> _WHAT TO WORK ON_
Copy each line below as written, but skip the pictures.

(EXERCISE DATA)

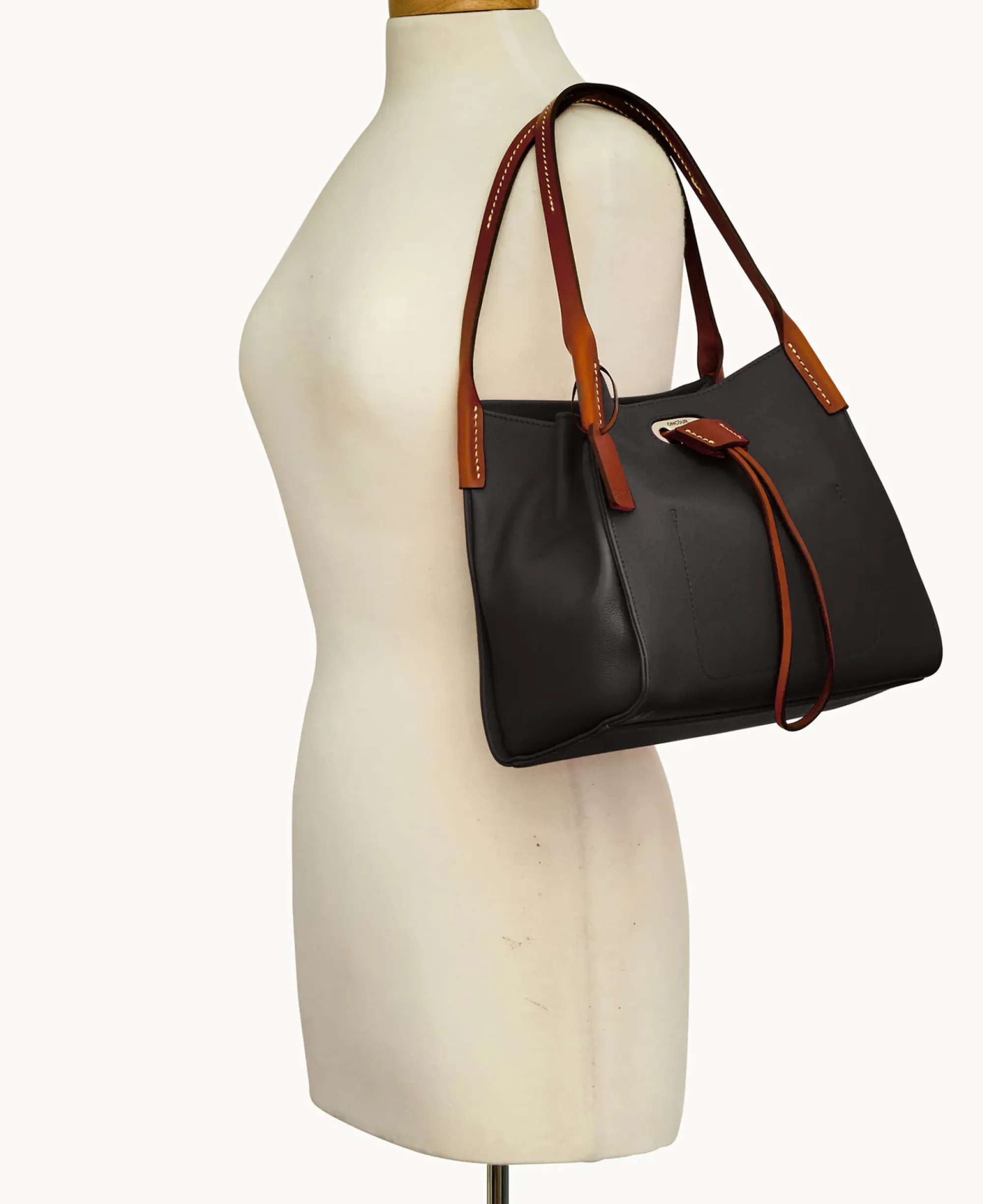Dooney & Bourke Ready For the Getaway|Textured Leather<Oncour Twist Mini Full Up Black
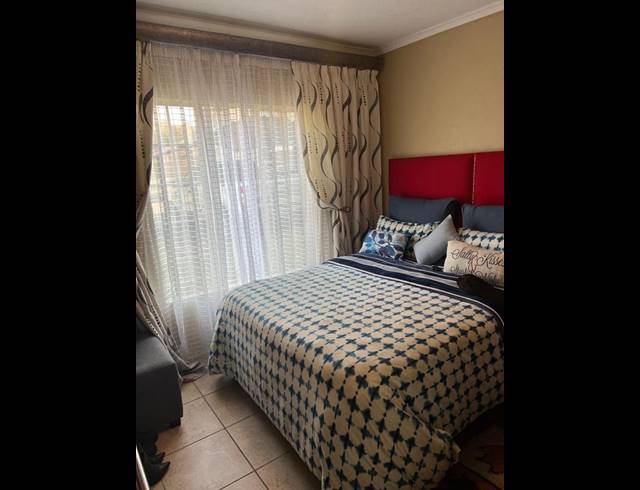 2 BEDROOM TOWNHOUSE FOR SALE IN MEREDALE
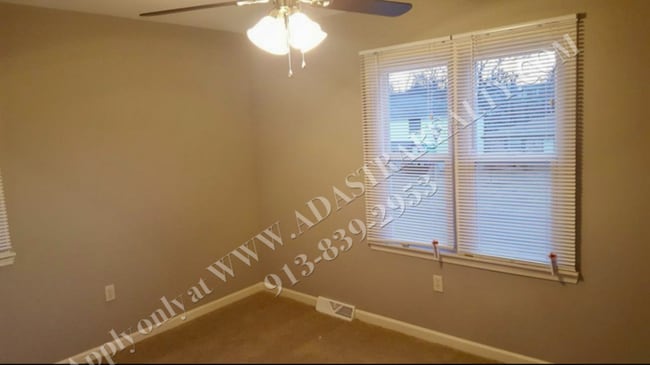 Building Photo - Remodeled 3 Bed 1 Bath Duplex in Overland ...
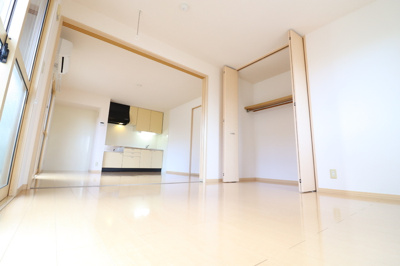 【洋室】 | リビングタウン桶川朝日B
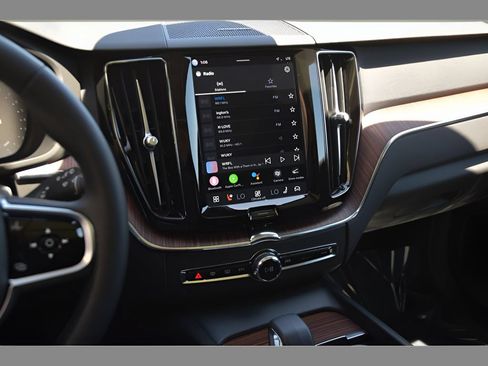 Certified 2023 Volvo XC60 B5 Plus w/ Climate Package AWD/4WD image 19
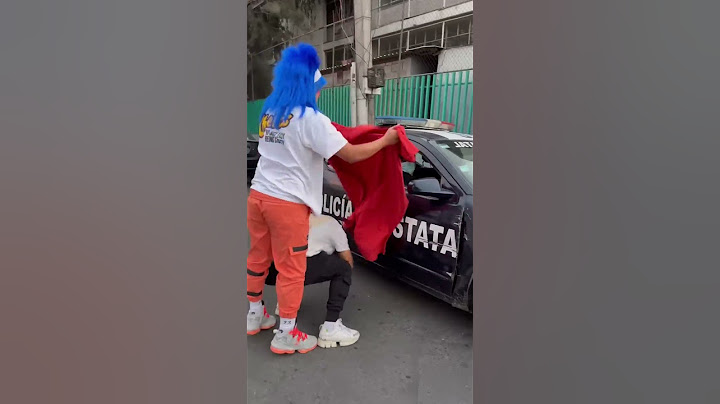 Los oficiales también se ríen. 😂 #ChilinYPikin 🤡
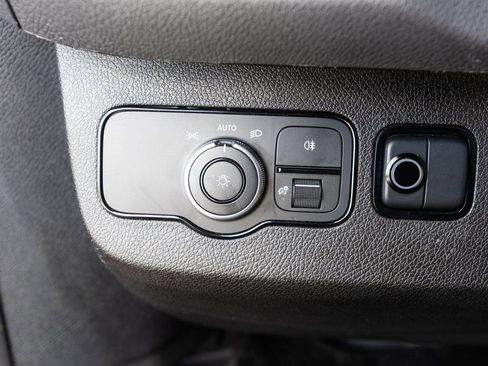 Used 2025 Mercedes-Benz Sprinter 2500 image 8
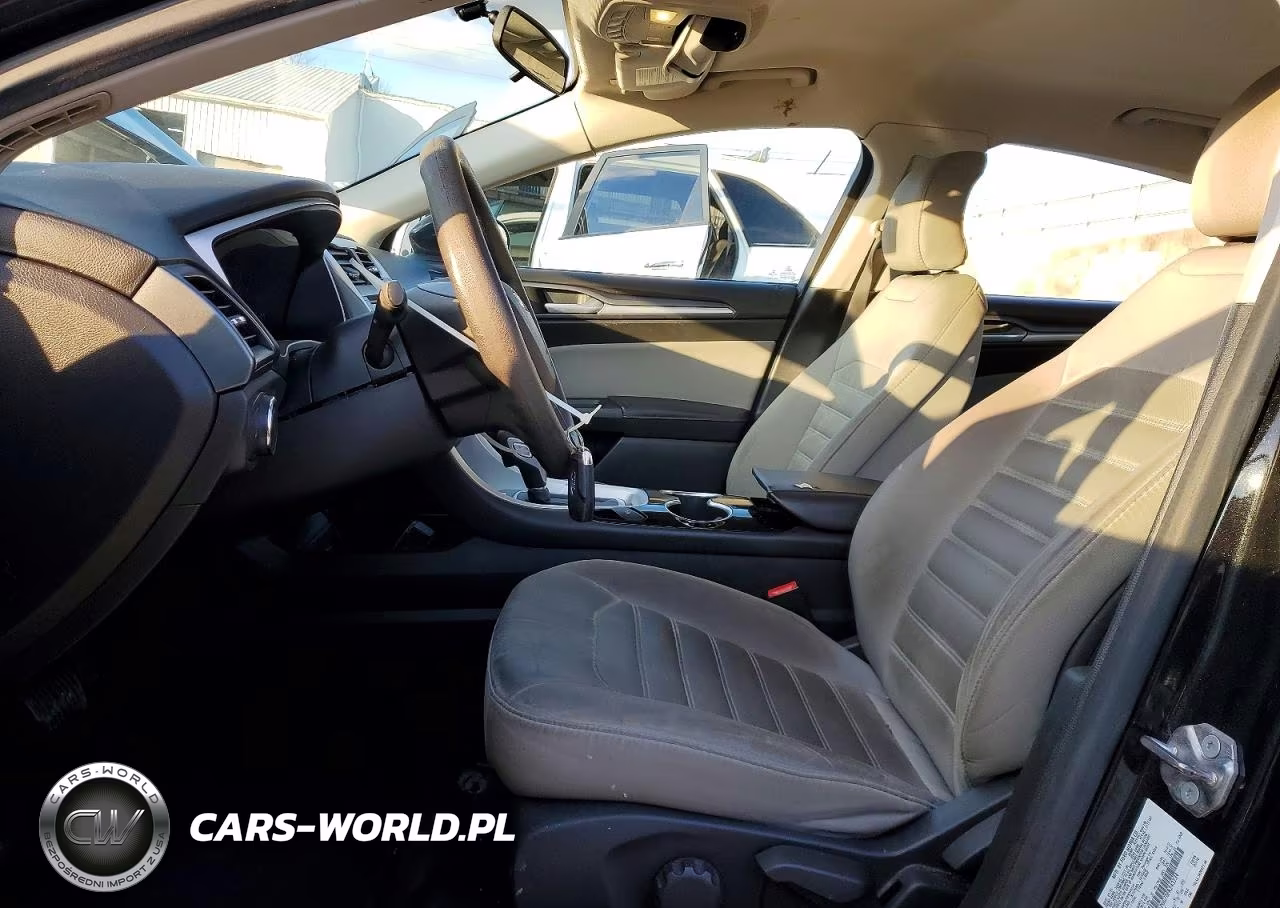 2015 Ford Fusion S VIN:3FA6P0G70FR243234 - 7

(End EXERCISE DATA)

> _EXPECTED ANSWER_
Dooney & Bourke Ready For the Getaway|Textured Leather<Oncour Twist Mini Full Up Black
 2 BEDROOM TOWNHOUSE FOR SALE IN MEREDALE
 Building Photo - Remodeled 3 Bed 1 Bath Duplex in Overland ...
 【洋室】 | リビングタウン桶川朝日B
 Certified 2023 Volvo XC60 B5 Plus w/ Climate Package AWD/4WD image 19
 Los oficiales también se ríen. 😂 #ChilinYPikin 🤡
 Used 2025 Mercedes-Benz Sprinter 2500 image 8
 2015 Ford Fusion S VIN:3FA6P0G70FR243234 - 7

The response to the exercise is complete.